A base class destructor only needs to be virtual if you might try deallocating an object of a derived type through a pointer of the base type. Consequently, if you only inherit from the base class privately instead of publicly, as would be the case in Uncopyable, then you don't need to worry about putting in a virtual destructor, because when using private inheritance you can't get a pointer to the derived object and store it in a pointer to the base type.
Another example might be if you were to use a mixin class like this one that makes a class track the number of object allocations, where the mixin is inherited from to acquire behavior but not to be treated polymorphically:
template <typename T> class Counter {
public:
Counter() { ++numInstances; }
Counter(const Counter&) { ++numInstances );
~Counter() { --numInstances; }
static unsigned getNumInstances() { return numInstances; }
private:
static unsigned numInstances;
}
template <typename T> unsigned Counter<T>::numInstances = 0;
More generally, when using static polymorphism, you don't need virtual destructors because you never treat the classes polymorphically using pointers to the base type. You only use a pointer to the derived type.
There are probably a few other cases I didn't cover here, but these two (private inheritance, mixin classes, and static polymorphism) cover much of the space where virtual destructors aren't required.
When you design the base not as interface, but as implementation detail (note the private inheritance from Uncopyable).
You technically don't have to make your decostructor virtual if you know nobody will delete it as a Uncopyable*, but will always delete it as a subclass of the same.
Yes this is essentially, what #templatetypedef said, but I'm going to explain it in a maybe easier way.

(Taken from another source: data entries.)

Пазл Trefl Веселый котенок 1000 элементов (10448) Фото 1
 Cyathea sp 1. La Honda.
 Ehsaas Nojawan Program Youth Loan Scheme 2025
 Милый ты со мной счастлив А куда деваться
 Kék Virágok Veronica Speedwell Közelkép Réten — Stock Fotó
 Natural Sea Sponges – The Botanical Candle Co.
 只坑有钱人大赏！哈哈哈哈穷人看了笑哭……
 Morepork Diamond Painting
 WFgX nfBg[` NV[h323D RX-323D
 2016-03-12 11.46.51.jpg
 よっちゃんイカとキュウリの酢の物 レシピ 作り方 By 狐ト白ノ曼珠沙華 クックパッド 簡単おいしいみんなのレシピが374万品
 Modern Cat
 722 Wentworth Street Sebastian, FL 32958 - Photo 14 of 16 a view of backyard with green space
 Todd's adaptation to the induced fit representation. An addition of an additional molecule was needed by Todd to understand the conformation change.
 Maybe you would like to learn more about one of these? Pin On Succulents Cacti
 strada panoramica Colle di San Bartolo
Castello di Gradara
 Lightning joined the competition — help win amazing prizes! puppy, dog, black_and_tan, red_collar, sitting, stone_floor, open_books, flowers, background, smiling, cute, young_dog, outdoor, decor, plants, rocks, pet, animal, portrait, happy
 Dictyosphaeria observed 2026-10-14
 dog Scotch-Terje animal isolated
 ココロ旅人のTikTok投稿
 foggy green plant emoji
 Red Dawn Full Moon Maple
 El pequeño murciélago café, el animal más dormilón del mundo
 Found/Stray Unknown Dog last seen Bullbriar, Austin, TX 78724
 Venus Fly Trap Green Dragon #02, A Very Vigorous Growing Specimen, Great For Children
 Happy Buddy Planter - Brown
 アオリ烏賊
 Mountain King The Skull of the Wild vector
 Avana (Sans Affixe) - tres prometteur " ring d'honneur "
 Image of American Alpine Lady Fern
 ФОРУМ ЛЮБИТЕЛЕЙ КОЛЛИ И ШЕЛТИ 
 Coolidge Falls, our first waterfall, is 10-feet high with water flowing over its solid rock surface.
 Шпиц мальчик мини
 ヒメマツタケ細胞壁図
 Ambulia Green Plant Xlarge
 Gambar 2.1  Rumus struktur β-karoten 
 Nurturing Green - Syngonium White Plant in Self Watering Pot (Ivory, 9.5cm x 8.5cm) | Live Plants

So: if people might do something like this:
void aFunction(Uncopyable* obj) {
delete obj;
}
Then you should declare your destructor virtual (to make sure potential subclasses get their destructor called.
However, if you know people will be deleting Subclasses like so:
class Widget : public Uncopyable
{
....
};
void aFunction(Widget* obj) {
delete obj;
}
Then you don't have to make your destructor virtual (as the subclasses destructor will be called).
At least, that's my understanding.
When you need your objects to be plain old data, with no vtable. I'd comment the heck out of it if I ever needed it, as 99% of the time leaving off the 'virtual' in base class destructors is simply a mistake that someone will want to correct.
The general rule is to make your destructor public and virtual, or protected and non-virtual. In the first case, your object use destroyable polymorphically and teh virtual destructor will do the right thing. In the second case it will only be destroyed as the actual child class and still do the right thing.